In my fantasy world, there would be covered racks along the front of the building, between the stoops, right on the sidewalk, or possibly on bulb-outs taking up on-street car parking spaces (there are lots of different options that could work).  The most prominent and inviting entrance to the buildings — the entrances that any non-driver would use by default — would open directly onto the sidewalk with no stairs, no re-direction to the garage or the interior courtyards.  The covered racks would be visible from the adjacent apartments, and that visibility would provide some security.  Having a consistently populated sidewalk would also help.  In my experience, barring an angry mob it’s only lonely spaces that are frightening.  Most people are decent, and so long as there are a lot of them, the law of large numbers says the dangerous ones will be in the minority.

The TVAP claims to want to support active human-friendly streets.  Sidewalk café culture.  The street as truly public space.  Transit and pedestrian friendly mixed residential/commercial/industrial developments are meant to facilitate incidental face to face interactions.  The city actually requested a change in the building design, facing entrances onto the street as per TVAP guidelines, to “activate” the street.  However, the only entrances which were re-oriented were the ones of individual ground floor residential units, which make up only a very small proportion of the complex overall.  Street parking for bikes and prominent street-facing entrances serving the entire development would funnel everyone leaving or arriving by foot, bike, or transit through the same social space, hopefully providing a constant supply of fresh living people directly to the sidewalk.  Plentiful commercial space on the ground floor would also keep people moving through the area on the sidewalks.

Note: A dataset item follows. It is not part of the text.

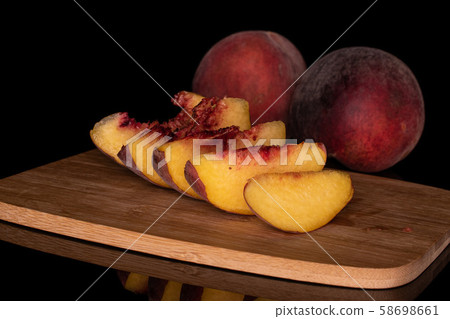 Sweet red peach isolated on black glass 58698661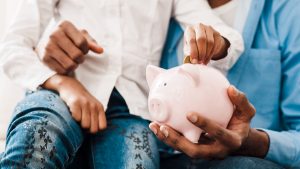 Two people in Colorado sitting together, inserting coins into a pink piggy bank, discussing the updated data on the retirement crisis.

Here we run into a phasing problem.  For a few years at least, this complex is going to be unusual and somewhat isolated.  Even if all the residents were coming and going by foot (through the front doors that don’t exist) they alone would probably not make up a large enough customer pool to support an entire ground floor of commercial space, as with the apparently high vacancy rate for the commercial space at The Peloton near 37th and Arapahoe.  Additionally, the 29th St. mall and the other businesses across Pearl Parkway over by Whole Foods are fairly accessible from the 3100 Pearl site, and so there’s not a pressing need for additional commercial space, and there likely won’t be, until the Transit Village is more completely populated.  So the idea is to put in “mixed use” developments early on that are slanted more toward residential units, and later on even the balance out.  I wish we could find some way to have flexible use space at street level in these early buildings though, so later it can be re-purposed.  Or at the very least, to design the buildings as if we expect them to one day be in a relatively dense, thriving downtown environment, truly oriented toward the street, and permeable to pedestrians and other non-motorized users, without stairs up to and down from the inter-building spaces, and with good lines of sight down the roads and through many of the urban spaces.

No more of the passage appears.